Читать книгу Der literarische Realitätenvermittler - Joachim Hoell - Страница 27
Autoreflexivität
ОглавлениеEr war nämlich einer der größten Dichter in Kuhschnappel. wiewohl er bisher mehr seine Verse bekannt gemacht, als daß diese ihn bekannt gemacht hätten. (Jean Paul 104)

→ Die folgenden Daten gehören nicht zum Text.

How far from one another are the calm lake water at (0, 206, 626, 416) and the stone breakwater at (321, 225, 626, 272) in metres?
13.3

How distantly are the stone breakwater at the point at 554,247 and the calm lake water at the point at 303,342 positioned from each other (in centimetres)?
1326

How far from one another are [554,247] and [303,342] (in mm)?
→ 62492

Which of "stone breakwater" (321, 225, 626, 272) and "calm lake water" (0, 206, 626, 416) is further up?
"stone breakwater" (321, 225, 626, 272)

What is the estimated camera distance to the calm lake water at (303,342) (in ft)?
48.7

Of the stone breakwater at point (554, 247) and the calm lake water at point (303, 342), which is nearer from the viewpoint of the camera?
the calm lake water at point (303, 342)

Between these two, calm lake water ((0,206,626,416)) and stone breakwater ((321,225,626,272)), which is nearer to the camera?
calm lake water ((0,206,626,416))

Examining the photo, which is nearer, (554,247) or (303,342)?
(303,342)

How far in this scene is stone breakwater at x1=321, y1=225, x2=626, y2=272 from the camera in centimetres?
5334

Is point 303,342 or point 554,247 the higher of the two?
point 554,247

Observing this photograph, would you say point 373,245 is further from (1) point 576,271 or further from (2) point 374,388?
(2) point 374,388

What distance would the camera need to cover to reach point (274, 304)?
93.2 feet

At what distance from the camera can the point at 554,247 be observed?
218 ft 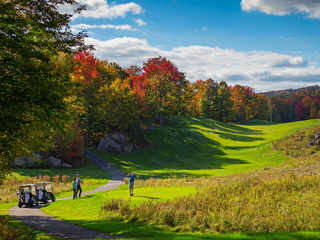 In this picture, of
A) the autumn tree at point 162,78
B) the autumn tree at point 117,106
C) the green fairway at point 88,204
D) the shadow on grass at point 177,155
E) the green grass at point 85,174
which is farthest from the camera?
the autumn tree at point 162,78

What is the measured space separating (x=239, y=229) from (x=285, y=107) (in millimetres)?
151550

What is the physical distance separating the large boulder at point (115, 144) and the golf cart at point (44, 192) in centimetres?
2983

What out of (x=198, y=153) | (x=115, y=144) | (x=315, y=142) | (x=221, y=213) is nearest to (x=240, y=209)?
(x=221, y=213)

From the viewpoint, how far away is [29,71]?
14.4m

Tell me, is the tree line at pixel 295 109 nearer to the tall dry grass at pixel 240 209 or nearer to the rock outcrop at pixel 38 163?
the rock outcrop at pixel 38 163

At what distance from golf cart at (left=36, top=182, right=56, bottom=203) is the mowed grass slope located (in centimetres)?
1632

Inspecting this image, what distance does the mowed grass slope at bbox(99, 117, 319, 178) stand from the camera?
46.1m

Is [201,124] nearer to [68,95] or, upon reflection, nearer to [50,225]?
[68,95]

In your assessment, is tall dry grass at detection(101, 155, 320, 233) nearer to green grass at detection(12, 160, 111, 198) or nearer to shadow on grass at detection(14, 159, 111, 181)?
green grass at detection(12, 160, 111, 198)

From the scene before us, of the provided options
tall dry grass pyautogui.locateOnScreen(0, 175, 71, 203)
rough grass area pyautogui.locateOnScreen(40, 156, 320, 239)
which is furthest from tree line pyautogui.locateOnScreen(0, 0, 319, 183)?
rough grass area pyautogui.locateOnScreen(40, 156, 320, 239)

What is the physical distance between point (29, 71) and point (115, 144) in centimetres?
4448

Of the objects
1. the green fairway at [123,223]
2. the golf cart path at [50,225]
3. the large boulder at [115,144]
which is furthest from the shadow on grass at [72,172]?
the green fairway at [123,223]

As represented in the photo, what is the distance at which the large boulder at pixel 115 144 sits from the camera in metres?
57.7

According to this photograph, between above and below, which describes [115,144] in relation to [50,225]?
above
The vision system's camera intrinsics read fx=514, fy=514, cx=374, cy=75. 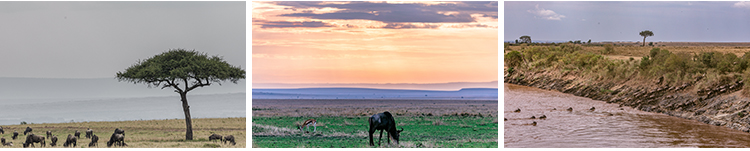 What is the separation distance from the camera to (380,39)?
114 ft

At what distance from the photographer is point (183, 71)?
18.1 m

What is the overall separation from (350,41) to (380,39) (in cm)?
378

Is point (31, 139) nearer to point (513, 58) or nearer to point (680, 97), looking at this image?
point (680, 97)

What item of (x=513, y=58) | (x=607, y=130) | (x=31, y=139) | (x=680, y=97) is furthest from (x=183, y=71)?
(x=513, y=58)

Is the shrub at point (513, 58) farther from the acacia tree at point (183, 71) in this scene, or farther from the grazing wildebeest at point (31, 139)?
the grazing wildebeest at point (31, 139)

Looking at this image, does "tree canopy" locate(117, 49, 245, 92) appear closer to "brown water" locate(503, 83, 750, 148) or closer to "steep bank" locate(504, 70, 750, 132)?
"brown water" locate(503, 83, 750, 148)

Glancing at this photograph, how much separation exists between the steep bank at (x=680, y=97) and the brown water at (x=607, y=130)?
55 cm

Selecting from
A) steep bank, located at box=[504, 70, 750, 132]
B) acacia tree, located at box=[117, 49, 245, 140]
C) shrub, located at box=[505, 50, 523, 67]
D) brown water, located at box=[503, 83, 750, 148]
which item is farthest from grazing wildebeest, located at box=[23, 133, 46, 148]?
shrub, located at box=[505, 50, 523, 67]

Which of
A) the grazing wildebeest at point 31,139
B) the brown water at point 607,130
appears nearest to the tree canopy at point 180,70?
the grazing wildebeest at point 31,139

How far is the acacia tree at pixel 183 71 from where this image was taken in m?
18.3

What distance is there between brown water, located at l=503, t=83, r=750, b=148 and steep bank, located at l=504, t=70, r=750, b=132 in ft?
1.80

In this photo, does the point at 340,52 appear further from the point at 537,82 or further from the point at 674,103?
the point at 674,103

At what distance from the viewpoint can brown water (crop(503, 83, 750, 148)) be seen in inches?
602

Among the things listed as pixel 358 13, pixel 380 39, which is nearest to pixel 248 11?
pixel 358 13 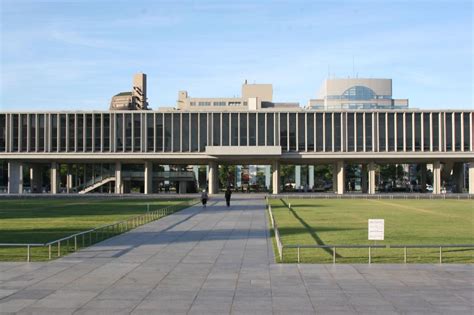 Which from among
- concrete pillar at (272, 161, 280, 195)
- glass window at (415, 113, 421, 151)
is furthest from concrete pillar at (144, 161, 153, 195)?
glass window at (415, 113, 421, 151)

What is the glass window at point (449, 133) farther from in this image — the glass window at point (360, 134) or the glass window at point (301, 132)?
the glass window at point (301, 132)

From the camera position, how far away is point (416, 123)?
338 feet

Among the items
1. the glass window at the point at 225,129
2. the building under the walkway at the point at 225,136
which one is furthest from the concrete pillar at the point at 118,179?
the glass window at the point at 225,129

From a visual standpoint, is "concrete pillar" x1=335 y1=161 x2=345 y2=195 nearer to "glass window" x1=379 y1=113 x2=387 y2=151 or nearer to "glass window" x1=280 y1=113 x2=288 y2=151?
"glass window" x1=379 y1=113 x2=387 y2=151

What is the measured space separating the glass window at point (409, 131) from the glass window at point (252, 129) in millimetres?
25232

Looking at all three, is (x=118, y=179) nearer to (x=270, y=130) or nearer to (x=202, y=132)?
(x=202, y=132)

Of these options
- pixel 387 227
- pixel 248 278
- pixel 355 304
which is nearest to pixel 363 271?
pixel 248 278

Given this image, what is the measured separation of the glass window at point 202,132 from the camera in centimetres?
10531

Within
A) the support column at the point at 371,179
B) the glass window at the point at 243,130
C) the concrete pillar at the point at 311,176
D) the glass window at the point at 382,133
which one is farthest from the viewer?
the concrete pillar at the point at 311,176

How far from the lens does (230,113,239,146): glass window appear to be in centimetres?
10575

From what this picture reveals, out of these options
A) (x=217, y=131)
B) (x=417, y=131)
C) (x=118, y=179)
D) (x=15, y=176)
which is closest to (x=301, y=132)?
(x=217, y=131)

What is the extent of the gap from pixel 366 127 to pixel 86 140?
47425 mm

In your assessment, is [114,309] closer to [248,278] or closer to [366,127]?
[248,278]

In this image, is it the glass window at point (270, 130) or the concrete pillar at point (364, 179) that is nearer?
the glass window at point (270, 130) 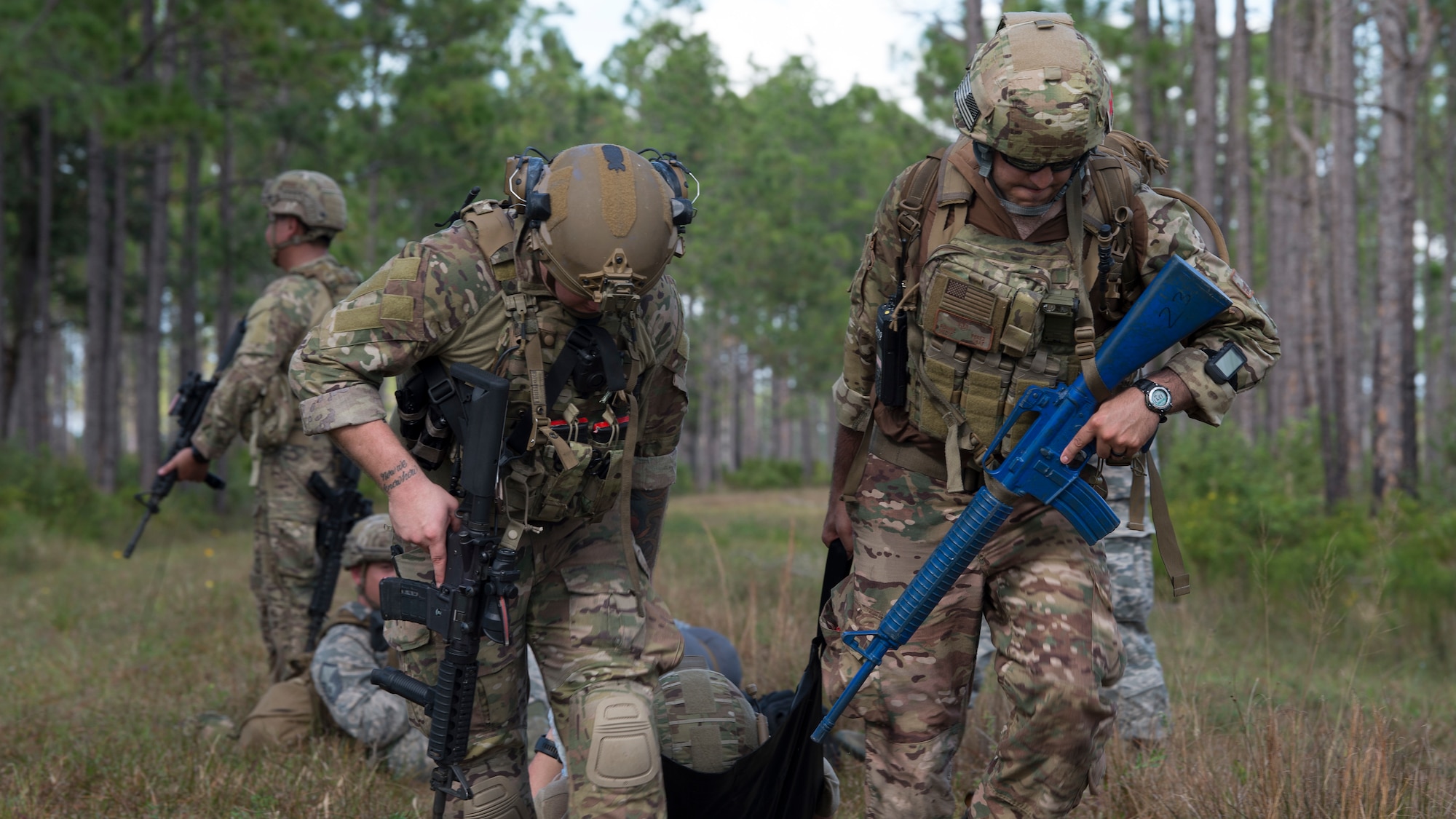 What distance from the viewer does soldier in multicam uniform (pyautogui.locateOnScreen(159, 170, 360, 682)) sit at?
17.7 ft

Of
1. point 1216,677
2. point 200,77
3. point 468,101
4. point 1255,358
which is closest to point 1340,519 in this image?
point 1216,677

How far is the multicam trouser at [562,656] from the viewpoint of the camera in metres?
2.84

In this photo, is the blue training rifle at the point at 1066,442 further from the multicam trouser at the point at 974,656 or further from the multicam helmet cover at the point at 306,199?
the multicam helmet cover at the point at 306,199

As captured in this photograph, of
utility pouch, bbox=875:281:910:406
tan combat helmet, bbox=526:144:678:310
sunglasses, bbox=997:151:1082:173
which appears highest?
sunglasses, bbox=997:151:1082:173

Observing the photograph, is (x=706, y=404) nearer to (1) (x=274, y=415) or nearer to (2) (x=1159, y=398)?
(1) (x=274, y=415)

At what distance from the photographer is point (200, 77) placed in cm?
1412

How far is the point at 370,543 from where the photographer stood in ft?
15.6

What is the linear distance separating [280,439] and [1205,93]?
1061 centimetres

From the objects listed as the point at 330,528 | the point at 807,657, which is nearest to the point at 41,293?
the point at 330,528

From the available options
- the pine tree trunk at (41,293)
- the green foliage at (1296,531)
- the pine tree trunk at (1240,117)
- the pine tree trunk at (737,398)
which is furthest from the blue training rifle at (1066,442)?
the pine tree trunk at (737,398)

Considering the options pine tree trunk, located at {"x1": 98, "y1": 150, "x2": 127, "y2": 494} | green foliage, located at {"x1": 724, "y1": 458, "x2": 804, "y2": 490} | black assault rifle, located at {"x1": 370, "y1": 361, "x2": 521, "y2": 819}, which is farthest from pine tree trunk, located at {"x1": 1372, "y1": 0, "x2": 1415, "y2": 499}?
green foliage, located at {"x1": 724, "y1": 458, "x2": 804, "y2": 490}

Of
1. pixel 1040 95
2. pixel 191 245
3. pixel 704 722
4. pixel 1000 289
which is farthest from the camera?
pixel 191 245

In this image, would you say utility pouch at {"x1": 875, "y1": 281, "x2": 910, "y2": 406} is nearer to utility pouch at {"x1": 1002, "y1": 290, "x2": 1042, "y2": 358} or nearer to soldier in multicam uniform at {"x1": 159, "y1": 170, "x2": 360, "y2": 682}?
utility pouch at {"x1": 1002, "y1": 290, "x2": 1042, "y2": 358}

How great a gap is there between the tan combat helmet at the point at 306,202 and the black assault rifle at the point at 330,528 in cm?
112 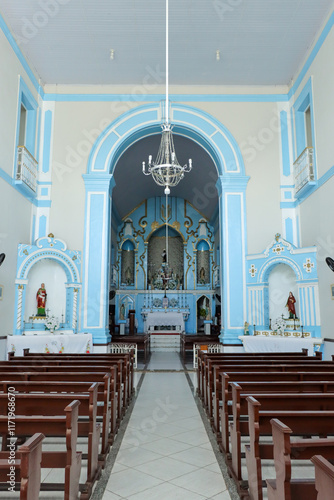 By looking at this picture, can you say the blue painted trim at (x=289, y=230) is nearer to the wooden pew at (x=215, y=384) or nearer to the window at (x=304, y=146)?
the window at (x=304, y=146)

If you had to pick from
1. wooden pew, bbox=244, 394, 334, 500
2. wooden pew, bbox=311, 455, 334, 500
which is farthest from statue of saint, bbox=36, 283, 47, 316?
wooden pew, bbox=311, 455, 334, 500

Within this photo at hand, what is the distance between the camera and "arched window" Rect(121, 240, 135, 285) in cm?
1966

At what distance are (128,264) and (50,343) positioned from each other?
1079cm

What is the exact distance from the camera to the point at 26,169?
32.7ft

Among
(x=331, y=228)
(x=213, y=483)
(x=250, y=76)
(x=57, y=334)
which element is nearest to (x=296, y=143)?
(x=250, y=76)

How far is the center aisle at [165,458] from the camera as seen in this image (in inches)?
129

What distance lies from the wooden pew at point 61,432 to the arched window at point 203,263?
55.1 feet

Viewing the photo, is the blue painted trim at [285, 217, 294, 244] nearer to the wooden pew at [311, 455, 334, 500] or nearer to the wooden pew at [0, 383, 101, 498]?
the wooden pew at [0, 383, 101, 498]

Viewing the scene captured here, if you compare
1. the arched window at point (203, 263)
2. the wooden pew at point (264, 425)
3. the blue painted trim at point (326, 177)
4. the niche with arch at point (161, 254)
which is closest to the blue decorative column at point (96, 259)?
the blue painted trim at point (326, 177)

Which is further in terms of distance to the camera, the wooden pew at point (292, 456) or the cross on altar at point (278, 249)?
the cross on altar at point (278, 249)

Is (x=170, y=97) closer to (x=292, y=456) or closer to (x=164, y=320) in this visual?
(x=164, y=320)

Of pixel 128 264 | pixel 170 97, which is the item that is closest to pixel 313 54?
pixel 170 97

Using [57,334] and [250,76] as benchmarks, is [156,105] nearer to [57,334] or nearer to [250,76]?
[250,76]

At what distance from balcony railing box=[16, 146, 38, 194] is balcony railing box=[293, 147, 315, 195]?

Im Siebenkäs finden sich mehrmals Nennungen von Werken Jean Pauls. In der Vorrede zum zweiten, dritten und vierten Bändchen des Siebenkäs kündigt der "Verfasser des Hesperus" (Jean Paul 146), der natürlich Jean Paul selbst ist, den nächsten Roman, Der Titan, an. Dieser Vorredner unterzeichnet mit Jean Paul Fr. Richter, also dem bürgerlichen Namen des Schriftstellers82. Eine kleine Notiz darunter klärt den Leser auf, daß "obiger Robinsonscher Freitag und Namensvetter" sein Freund sei, dessen "Vorrede [...] ordentlich beschlossen werden" (Jean Paul 151) muß. Jean Paul maskiert sich erst gar nicht mehr, sondern tritt als fiktive Figur in seinem eigenen Roman auf. Diese autoreflektiven Diskurse des Erzählers findet der Leser wiederholt im Siebenkäs, z.B.:
Es ist freilich mein Vorteil nicht, daß ich damals von allem nichts erfuhr, was nun halb Europa erfährt durch mich – ich war damals noch jünger und saß einsam zu Hause als Kopfsalat, willens, mich zu einem Kopf zu schließen, welches Schließen, sowohl beim Menschen als beim Salat, durch nichts mehr gehindert wird als durch nachbarliches Berühren des Nebensalats. (Jean Paul 537)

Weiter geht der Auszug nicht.